USING THE C OR C++ rand() FUNCTION

The ANSI C standard only states that rand() is a random number generator which generates integers in the range [0,RAND_MAX] inclusive, with RAND_MAX being a value defined in stdlib.h, and RAND_MAX being at least 32767. Note that 32767 isn't a very big number. If RAND_MAX is only 32767 then you can probably get only about 20,000 random numbers before the sequence starts to lose its randomness. Note that RAND_MAX may be larger. Check what the value of RAND_MAX is for you. A rule of thumb is you can generate around 2/3 of RAND_MAX random numbers before it becomes obvious what the remaining numbers are going to be and the sequence loses its randomness. To be safe I recommend generating no more than 1/10 of RAND_MAX random numbers.1

If you need to generate more than 1/10 of RAND_MAX random numbers then have a look at the newer and better portable random number generators at SOURCE CODE AND DISCUSSION OF NEWER & BETTER RANDOM NUMBER GENERATORS

DETERMINING VALUE OF RAND_MAX
#include <stdio.h>
#include <stdlib.h>
main()
{
    printf("RAND_MAX = %u\n", RAND_MAX);
}


EXAMPLE USE OF THE C AND C++ rand() FUNCTION:
#include <stdio.h>
#include <stdlib.h>

main()
{
/* DEFINE VARIABLES */
   int seed;         /* Choose any integer value for seed to initialize the random number generator with. The same value of seed will always produce the same sequence of random numbers. To get a different sequence of random numbers next time, choose a different value of seed.

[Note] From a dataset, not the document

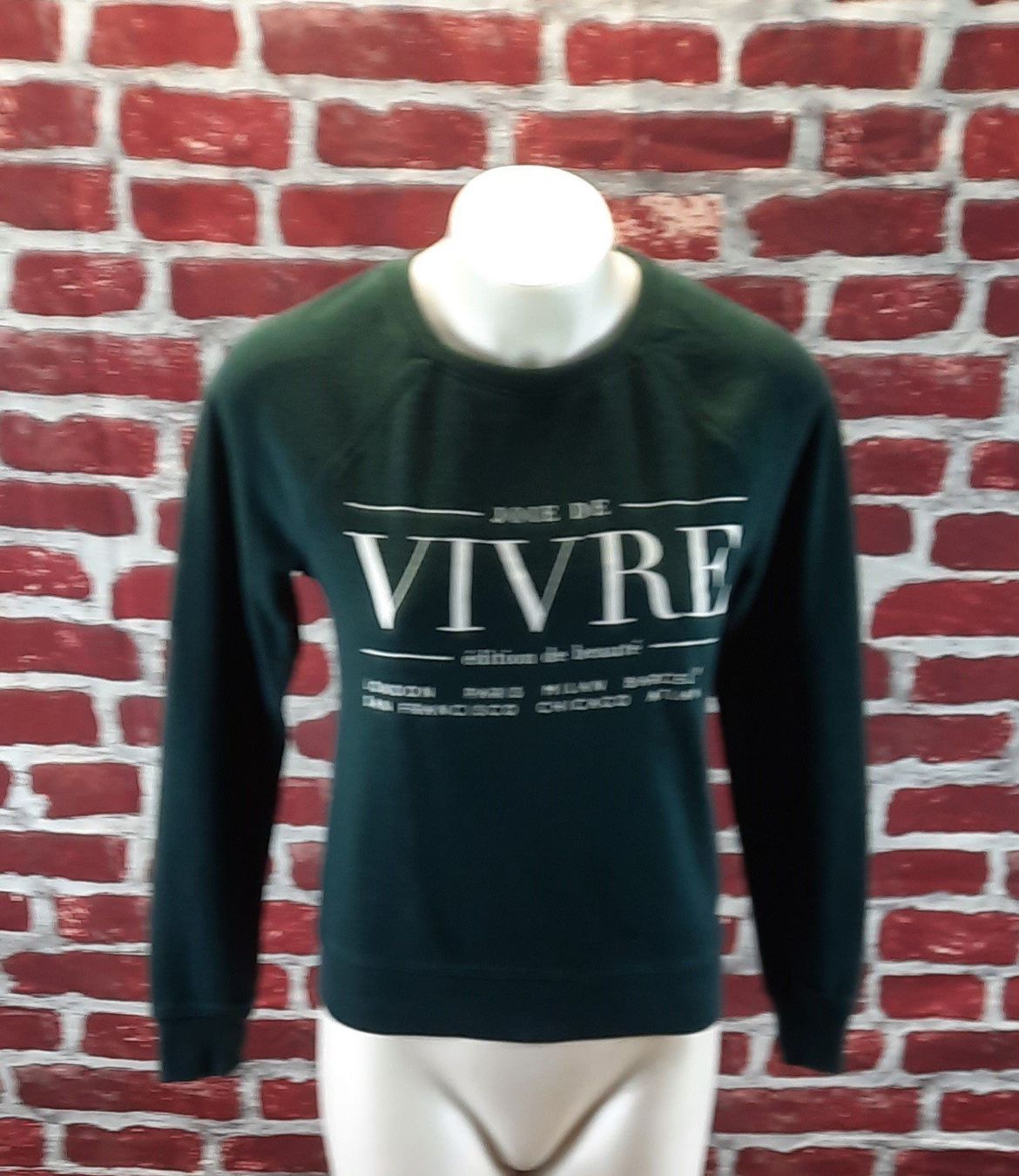 Maglioni & Felpe: AMISU Damen Pullover Mit Text Grün Gr.XS – Nuovo (secondo la descrizione) da Seuzach venduto da VT-Collections2 4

Note: on Microsoft Visual C++ 6.0, if seed is negative than a seed value from the system clock is used. Also check for a randomize() function on your compiler. */

double r;/* random value in range [0,1) */

long int M;/* user supplied upper boundary */

double x;/* random value in range [0,M) */
int y;/* random integer in range [0,M) if M is an integer then range = [0,M-1] */
int z;/* random integer in range [1,M+1) if M is an integer then range = [1,M] */
int count;/* just a variable we need to count how many random numbers we've made for this example */
/*BEGIN CODE*/
seed = 10000;/* choose a seed value */
srand(seed);/*initialize random number generator*/

M = 1000;/* Choose M. Upper bound. (M should be much less than RAND_MAX. See below.) */
   for(count=1; count<=20; ++count)
{
       r = (   (double)rand() / ((double)(RAND_MAX)+(double)(1)) );
                                   /* r is a random floating point value in the range [0,1) {including 0, not including 1}. Note we must convert rand() and/or RAND_MAX+1 to floating point values to avoid integer division. In addition, Sean Scanlon pointed out the possibility that RAND_MAX may be the largest positive integer the architecture can represent, so (RAND_MAX+1) may result in an overflow, or more likely the value will end up being the largest negative integer the architecture can represent, so to avoid this we convert RAND_MAX and 1 to doubles before adding. */
       x = (r * M);
                                   /* x is a random floating point value in the range [0,M) {including 0, not including M}. */
       y = (int) x;
                                   /* y is a random integer in the range [0,M) {including 0, not including M}. If M is an integer then the range is [0,M-1] {inclusive} */
       z = y + 1;
                                   /* z is a random integer in the range [1,M+1) {including 1, not including M+1}. If M is an integer then the range is [1,M] {inclusive} */
       printf("random number %3d %5f %5f %5d %5d\n",count,r,x,y,z);
   }
}

You can expand or contract the range by choosing a value for M. You can shift the range up or down the number line by adding or subtracting a fixed value. You can even flip the range over by multiplying by -1.

Note: Do NOT use

      y = rand()  %  M;

as this focuses on the lower bits of rand(). For linear congruential random number generators, which rand() often is, the lower bytes are much less random than the higher bytes. In fact the lowest bit cycles between 0 and 1. Thus rand() may cycle between even and odd (try it out). Note rand() does not have to be a linear congruential random number generator. It's perfectly permissible for it to be something better which does not have this problem.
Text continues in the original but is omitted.